» **WHAT TO DO**
The line containing "There are also" marks the end: extract everything from the first line of the data through that line, exactly, with no pictures.

» **AVAILABLE DATA**
───

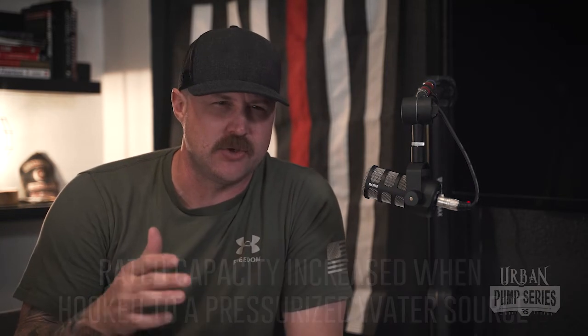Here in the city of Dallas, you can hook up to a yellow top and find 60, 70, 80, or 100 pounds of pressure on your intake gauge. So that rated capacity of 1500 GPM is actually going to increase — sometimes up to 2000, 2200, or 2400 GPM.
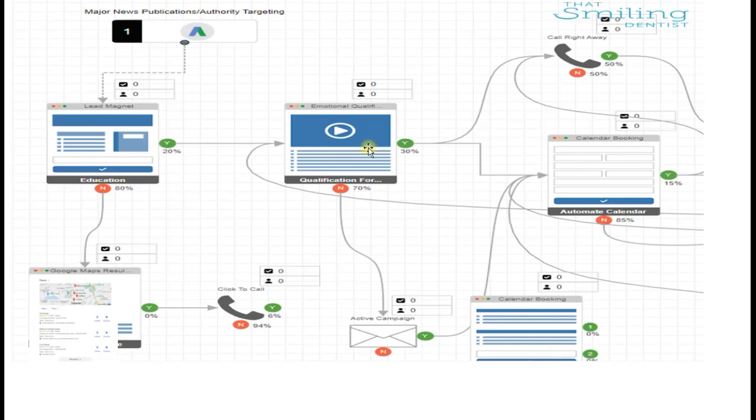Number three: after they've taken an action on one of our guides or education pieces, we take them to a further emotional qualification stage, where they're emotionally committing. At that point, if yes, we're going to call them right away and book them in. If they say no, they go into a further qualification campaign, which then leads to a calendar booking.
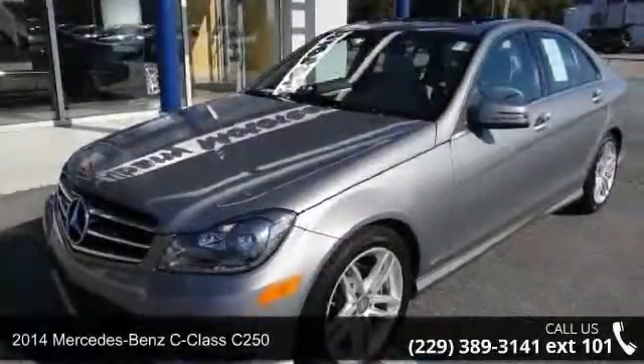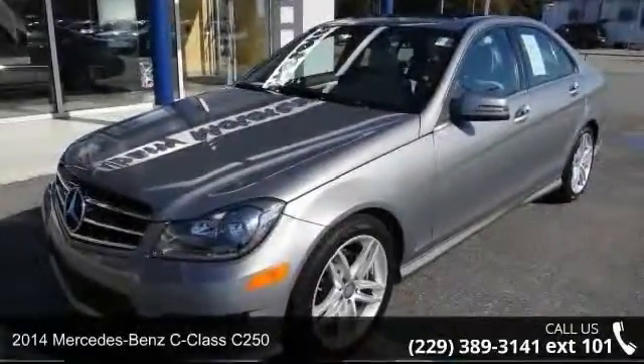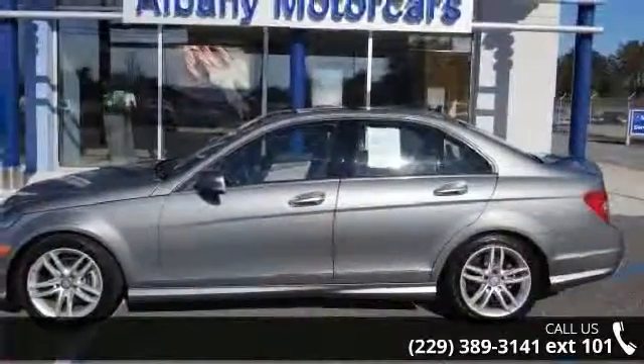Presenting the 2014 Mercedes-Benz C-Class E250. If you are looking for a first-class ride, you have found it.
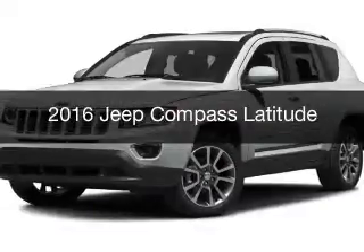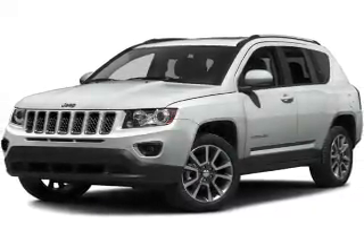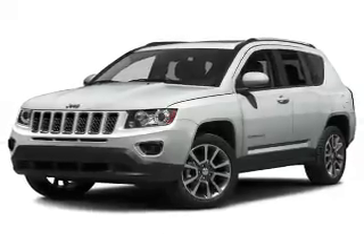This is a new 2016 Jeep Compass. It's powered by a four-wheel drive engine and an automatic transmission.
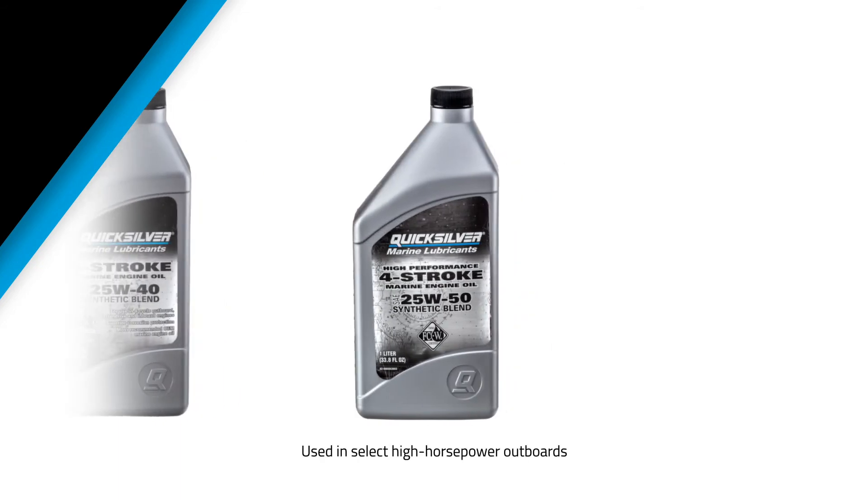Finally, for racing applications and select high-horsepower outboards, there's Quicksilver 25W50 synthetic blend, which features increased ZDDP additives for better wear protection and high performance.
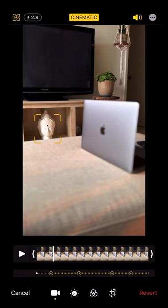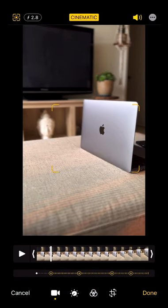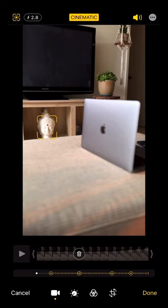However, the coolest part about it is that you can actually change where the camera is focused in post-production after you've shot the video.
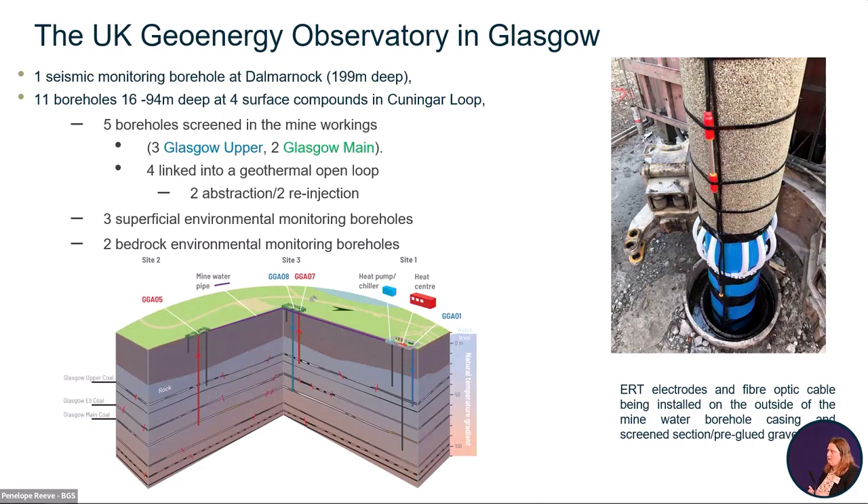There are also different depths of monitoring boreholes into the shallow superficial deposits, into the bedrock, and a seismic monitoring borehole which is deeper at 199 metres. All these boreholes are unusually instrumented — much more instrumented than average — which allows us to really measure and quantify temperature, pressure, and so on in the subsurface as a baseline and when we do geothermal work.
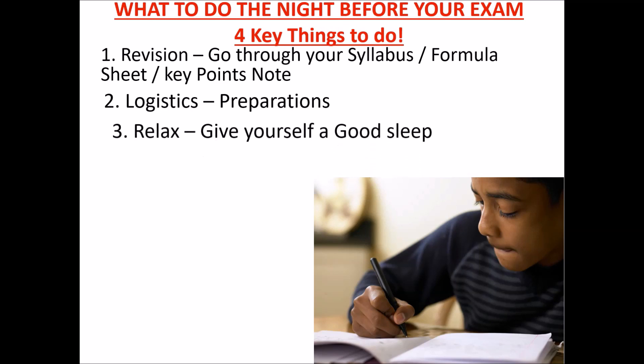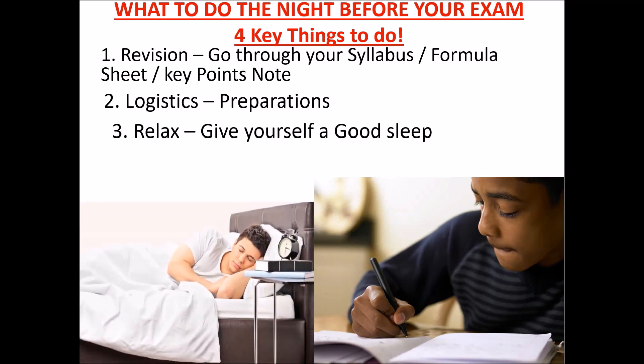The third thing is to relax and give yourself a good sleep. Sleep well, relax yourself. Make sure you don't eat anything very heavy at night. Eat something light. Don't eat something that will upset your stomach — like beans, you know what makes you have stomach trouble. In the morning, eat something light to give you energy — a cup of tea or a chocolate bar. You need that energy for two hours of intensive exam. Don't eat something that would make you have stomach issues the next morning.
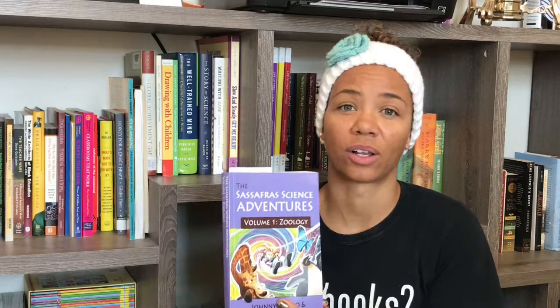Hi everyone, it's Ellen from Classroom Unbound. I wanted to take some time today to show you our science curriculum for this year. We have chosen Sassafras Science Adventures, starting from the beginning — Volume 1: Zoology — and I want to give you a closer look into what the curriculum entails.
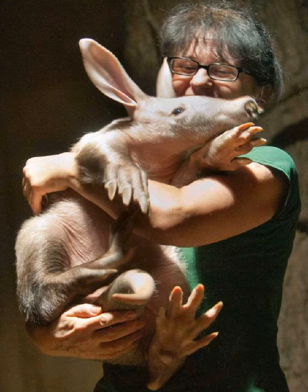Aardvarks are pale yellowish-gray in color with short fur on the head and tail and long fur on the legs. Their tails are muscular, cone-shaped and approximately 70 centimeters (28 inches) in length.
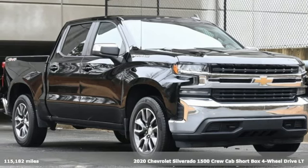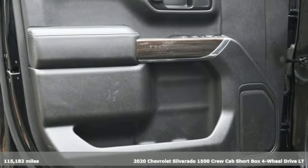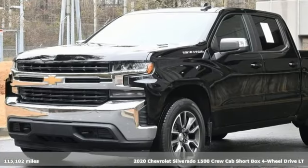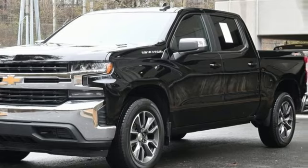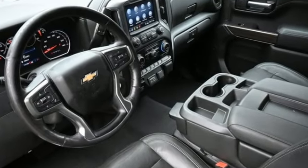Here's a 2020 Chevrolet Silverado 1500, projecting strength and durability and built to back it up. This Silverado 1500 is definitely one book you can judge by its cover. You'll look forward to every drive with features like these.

───

» **ANSWER**
Here in the city of Dallas, you can hook up to a yellow top and find 60, 70, 80, or 100 pounds of pressure on your intake gauge. So that rated capacity of 1500 GPM is actually going to increase — sometimes up to 2000, 2200, or 2400 GPM.
Number three: after they've taken an action on one of our guides or education pieces, we take them to a further emotional qualification stage, where they're emotionally committing. At that point, if yes, we're going to call them right away and book them in. If they say no, they go into a further qualification campaign, which then leads to a calendar booking.
Presenting the 2014 Mercedes-Benz C-Class E250. If you are looking for a first-class ride, you have found it.
This is a new 2016 Jeep Compass. It's powered by a four-wheel drive engine and an automatic transmission.
Finally, for racing applications and select high-horsepower outboards, there's Quicksilver 25W50 synthetic blend, which features increased ZDDP additives for better wear protection and high performance.
However, the coolest part about it is that you can actually change where the camera is focused in post-production after you've shot the video.
There are also different depths of monitoring boreholes into the shallow superficial deposits, into the bedrock, and a seismic monitoring borehole which is deeper at 199 metres. All these boreholes are unusually instrumented — much more instrumented than average — which allows us to really measure and quantify temperature, pressure, and so on in the subsurface as a baseline and when we do geothermal work.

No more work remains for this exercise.